For the third quarter, net income slid 16.4% to $343.2m, although lower taxes led General Mills' earnings per share to beat analyst forecasts by three cents to $0.70.
Operating profit declined 19.9% to $537.2bn, in line with analyst expectations.
Net sales decreased 0.6% to $4.4bn. Net sales from General Mills' US retail business did increase 1% but felt the benefit of price increases. Volumes fell 2%.
General Mills said its yoghurt and snacks operating units "drove the quarterly net sales increase".
In a note to investors, Sanford Bernstein analyst Alexia Howard wrote: "Despite improvement in areas including cereals, General Mills' core U.S. Retail business remains lacklustre, with volume down by three points, excluding Annie's.

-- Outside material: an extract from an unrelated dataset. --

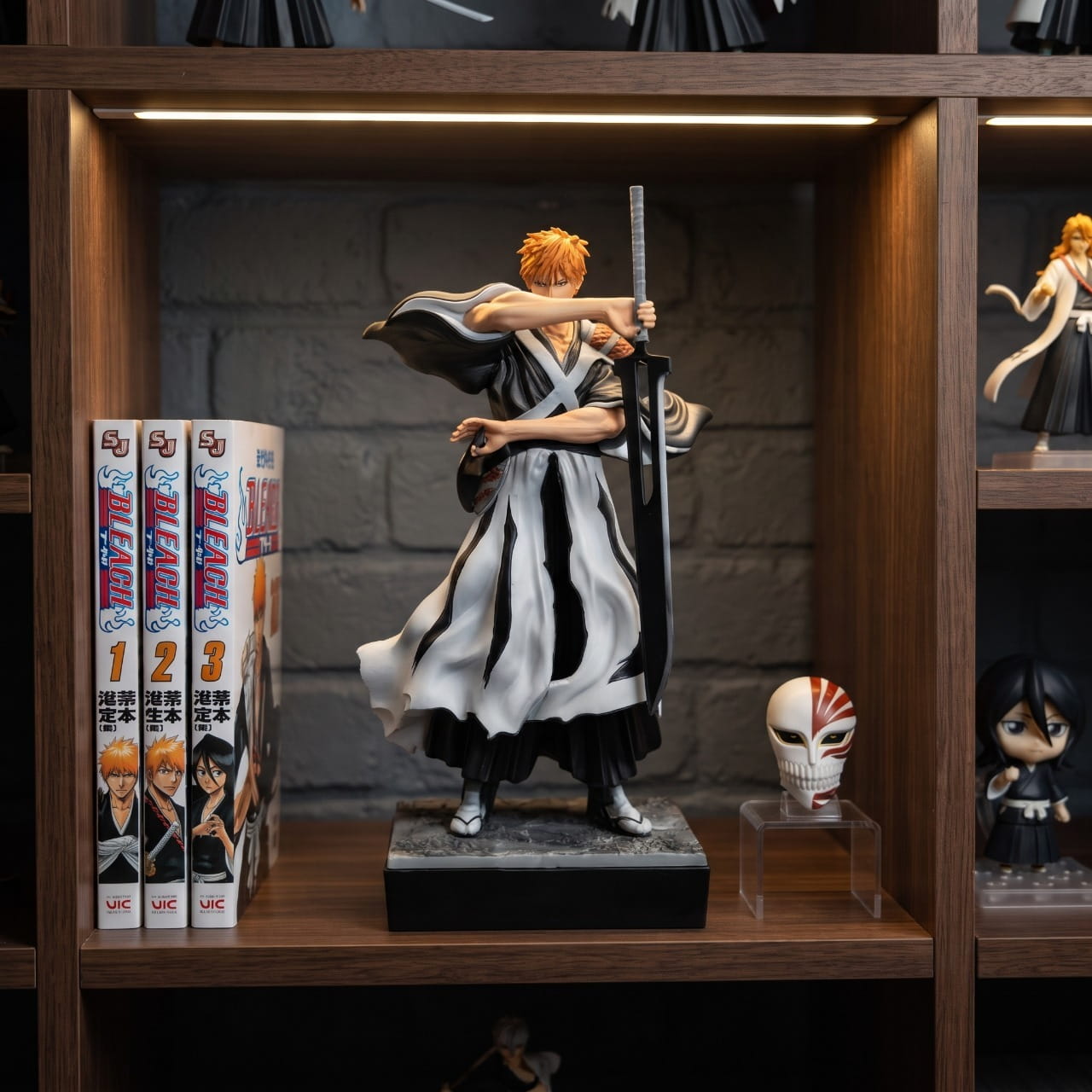 Figurine Ichigo Kurosaki manteau blanc Bleach - exposee sur une etagere (decor non inclus)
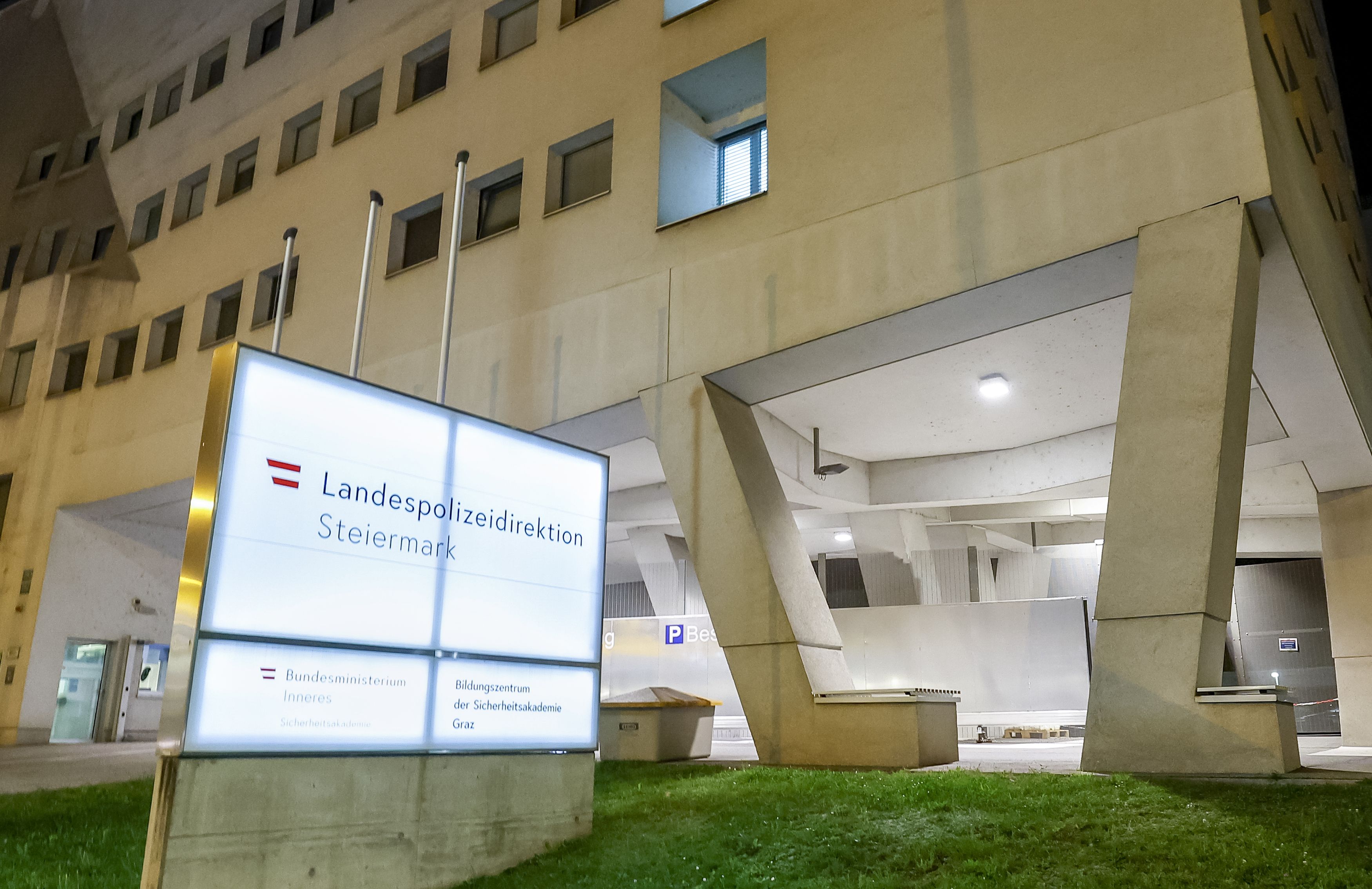 Im Keller der Landespolizeidirektion Graz ereignete sich am Mittwoch ein tragischer Unfall.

"We believe that top-line weakness in the US& retail segment in centre-of-plate categories, including baking mixes, meals and frozen vegetables is likely to continue as consumers shift into fresher foods and smaller brands with simple ingredients. While the acquisition of Annie's is a step in the right direction, given its more natural and organic positioning, it is still too small to make a huge difference."
She said General Mills international, convenience stores and foodservice units "are holding up well" and added: "We could likely see more acquisitions on the international front. More cost cutting and cash returns to shareholders could be the focus to counterbalance weak top-line growth and operational deleveraging."